Les facteurs génétiques ne déterminent pas à eux seuls l’apparition de la maladie, mais ils peuvent moduler la vulnérabilité individuelle face aux facteurs métaboliques.
Les gènes les plus étudiés
Plusieurs gènes ont été identifiés comme étant associés à un risque accru de stéatose hépatique et de MASH.
L’un des plus étudiés est le gène PNPLA3. Une variante particulière de ce gène est associée à une accumulation plus importante de graisse dans le foie et à un risque plus élevé d’inflammation hépatique.
D’autres gènes ont également été impliqués dans la progression de la maladie, notamment TM6SF2, MBOAT7 et GCKR. Ces gènes interviennent dans différents aspects du métabolisme des lipides et de la régulation énergétique.
La présence de certaines variantes génétiques peut ainsi augmenter la probabilité de développer une stéatose hépatique, mais aussi favoriser l’évolution vers des formes plus sévères de la maladie.
Génétique et progression de la maladie
Pourquoi certaines formes évoluent plus vite
Toutes les personnes atteintes de stéatose hépatique ne développent pas une MASH. Chez certaines, la maladie reste stable pendant de nombreuses années, tandis que chez d’autres, elle peut progresser vers une fibrose avancée.
Les recherches suggèrent que la génétique pourrait également jouer un rôle dans la vitesse de progression de la maladie.
Certaines variantes génétiques semblent favoriser les mécanismes inflammatoires ou la formation de tissu cicatriciel dans le foie. Ces mécanismes peuvent accélérer la progression vers une fibrose ou une cirrhose.
La génétique pourrait donc influencer non seulement le risque de développer la maladie, mais aussi son évolution à long terme.
L’interaction entre gènes et mode de vie
Même lorsque des facteurs génétiques sont présents, le mode de vie reste un élément déterminant.
L’alimentation, l’activité physique, le poids corporel et la présence de maladies métaboliques comme le diabète peuvent interagir avec la prédisposition génétique.
Cette interaction entre gènes et environnement est souvent décrite comme un effet combiné : la génétique peut augmenter la sensibilité à certains facteurs, mais ces facteurs restent nécessaires pour déclencher ou aggraver la maladie.
Vers une médecine plus personnalisée ?
La génétique comme outil de prédiction
Les avancées en génétique ouvrent la voie à une meilleure compréhension des risques individuels face à la MASH.

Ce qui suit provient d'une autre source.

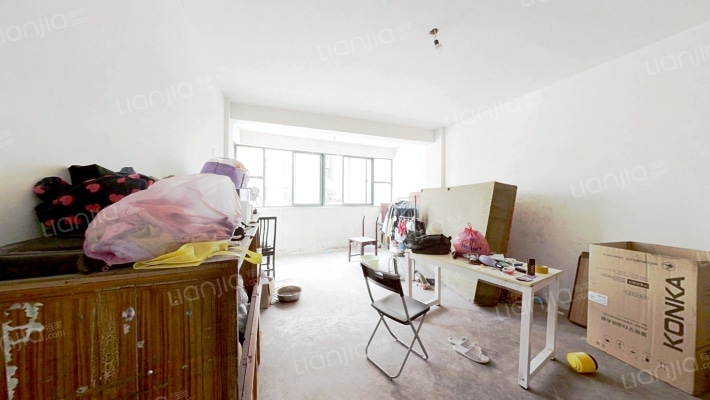 江帆花苑中区二手房实景图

À l’avenir, l’identification de certaines variantes génétiques pourrait permettre d’identifier plus précocement les personnes présentant un risque élevé de progression vers des formes sévères de la maladie.
Cela pourrait aider les médecins à adapter le suivi et les stratégies de prévention en fonction du profil de chaque patient.
Les perspectives de recherche
Les chercheurs poursuivent leurs travaux afin de mieux comprendre les mécanismes génétiques impliqués dans la MASH.
Ces recherches pourraient contribuer au développement de nouvelles approches thérapeutiques ciblées, visant certains mécanismes biologiques impliqués dans la progression de la maladie.
Même si ces avancées sont encore en cours d’étude, elles illustrent l’importance croissante de la génétique dans la compréhension des maladies métaboliques du foie.
Conclusion
La stéatohépatite associée à un dysfonctionnement métabolique (MASH), anciennement appelée NASH, est une maladie complexe dans laquelle interviennent de nombreux facteurs.
Si le mode de vie et les troubles métaboliques jouent un rôle central, les recherches montrent que la génétique peut également influencer le risque de développer la maladie et son évolution.
Nous ne sommes donc pas tous égaux face au risque de MASH. Toutefois, même en présence d’une prédisposition génétique, les habitudes de vie restent un levier important pour limiter le développement et la progression de la maladie.